January 17 2013. Magnificent Frigatebirds must have impressed early sea-goers of all ranks, they’re so masterful soaring in circles along the boundary between land and ocean. Watching them through binoculars I wondered how many lessons in aeronautical design are held in those long-winged proportions, some of mankind’s most frail-looking competitive gliders either did or should owe a lot to the frigatebird.
On our travels today we stopped for lunch at a Pacific beach, Playa Cangrejo. It is perhaps five kilometres long, an arcing bay punctuated at either end by towering rock outcrops. The wind blows so furiously along the shoreline that uncounted years of drifting sand has piled over these terminal-rocks creating massive sandscapes, The sea was furious with white-horses tearing off the wave-tops. In the vernacular of my childhood, white-horses were more rampant dynamic and dangerous than mere whitecaps.
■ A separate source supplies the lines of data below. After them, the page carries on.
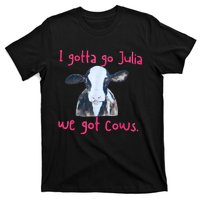 I Gotta Go Julia We Got Cows Funny Gift Farmer T-Shirt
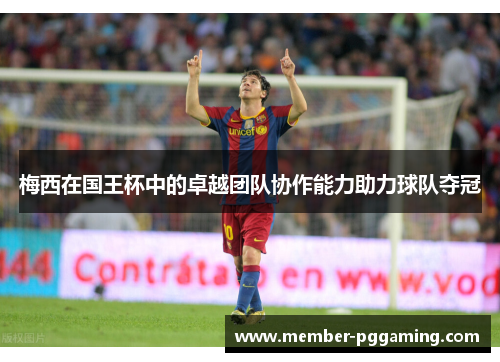 梅西在国王杯中的卓越团队协作能力助力球队夺冠 梅西在国王杯中的卓越团队协作能力助力球队夺冠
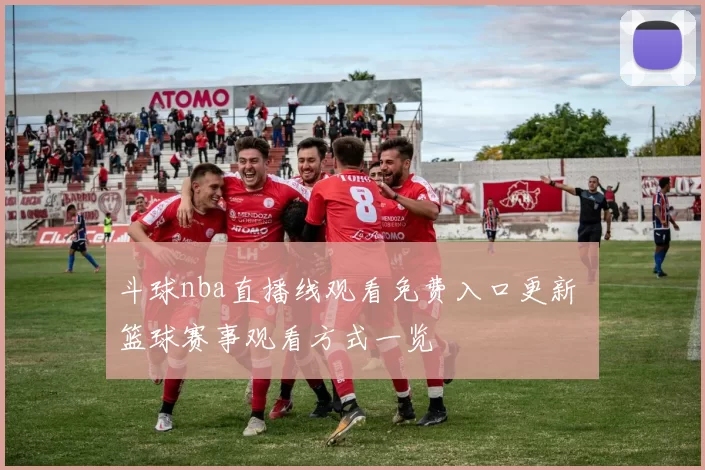 斗球nba直播线观看免费入口更新 篮球赛事观看方式一览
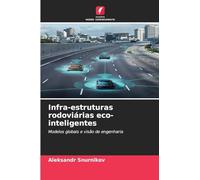 Infra-estruturas rodoviárias eco-inteligentes: Modelos globais e visão de engenharia
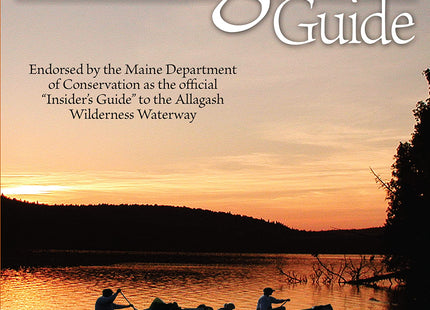 The Allagash Guide: What You Need to Know to Canoe this Famous Maine Waterway (Fox Chapel Publishing) Winner of the Legendary Maine Guide Award and Endorsed by the Maine Department of Conservation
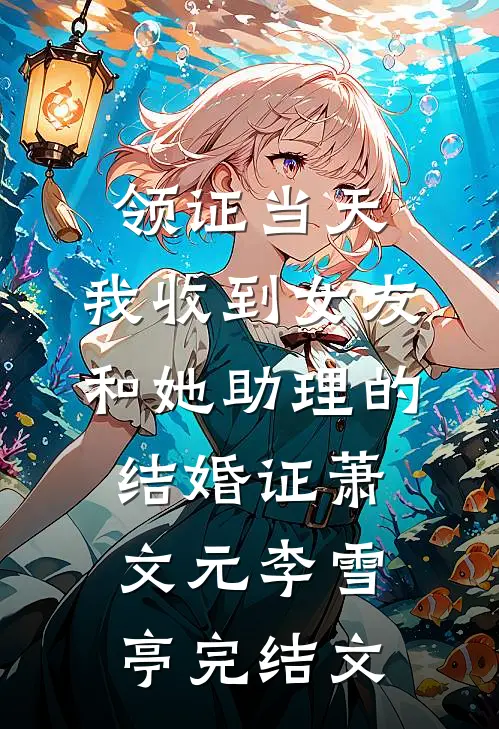 领证当天，我收到女友和她助理的结婚证萧文元李雪亭完结文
At the shoreline a small group of fishermen was working the close-inshore waters netting fish, usually no more than fingerlings but enough good sized fish to eke out a living. Brown Pelicans and Magnificent Frigatebirds knew a living when they saw it too. They gathered around the fishermen as they hauled the nets in and waited anxiously for whatever was thrown their way. The pelicans stood beside the men while the frigatebirds soared and swooped overhead.
I never tired of trying to capture the classic frigatebird photograph but this one is among the best, showing the mutually workable, if sometimes strained, coexistence of fisherman and birds.